Skinheads emerged from mod-culture, embracing working class fashion. They wore Levis, cropped hair and durable shoes and boots, against the fancy dress escapism of those before them. The movement became associated with racism during the economic decline and rising unemployment of the 70s, when neo-Nazi groups used nationalist ideas to turn skinheads, who were sometimes out of work or on the dole, against their immigrant neighbours.

Jason remembers scooter rallies as hostile environments. He went to one in Donnington in the mid-80s when Desmond Dekker played and there were skinheads trying to get onstage and batter him with pieces of wood. By this time Margaret Thatcher was in power and the welfare state that had been put in place in postwar Britain was being dismantled.
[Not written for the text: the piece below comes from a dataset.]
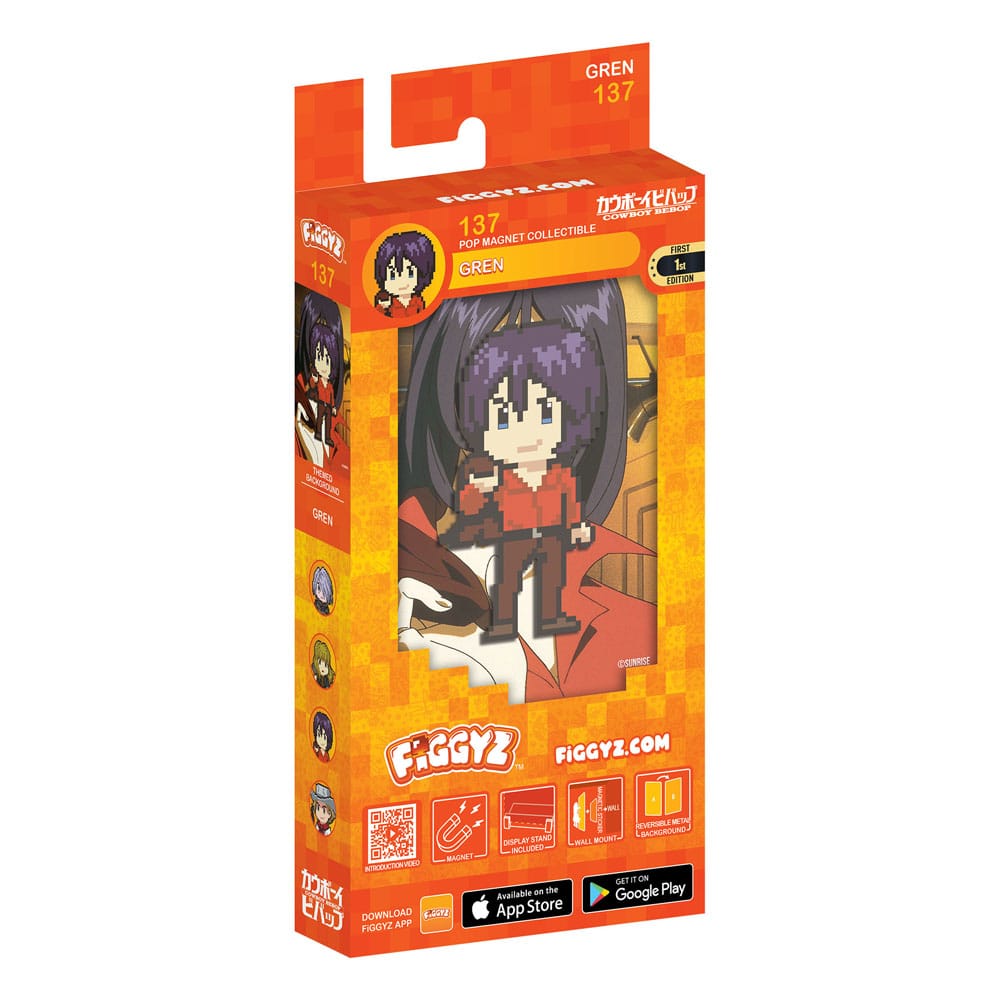 Cowboy Bebop FiGGYZ Figura Coleccionable Magnética Gren 11 cm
The mods who were in their teens in the 60s now stood to benefit from policies like right to buy, which sold council or publicly-owned homes to people who lived in them for knock-down prices, shrinking social housing stock. Thatcher’s philosophy rested on individualism rather than collective society. It was a philosophy that signalled a pulling up of the drawbridge that had allowed working class people to dream beyond their station.

Despite all these changes, the mods’ aspirations of elitism endure today. The fashion of the 60s is ubiquitous. It’s normal to go to fancy coffee shops, take drugs at the weekend, get fitted suits. We are all now career-minded hedonists.

At the same time, these aspirations make mod culture a nostalgic proposition. In the 90s, Britpop reimagined the grey, desperate middle of the century as a golden era of rainy seaside holidays, Union Jacks and amusement parks.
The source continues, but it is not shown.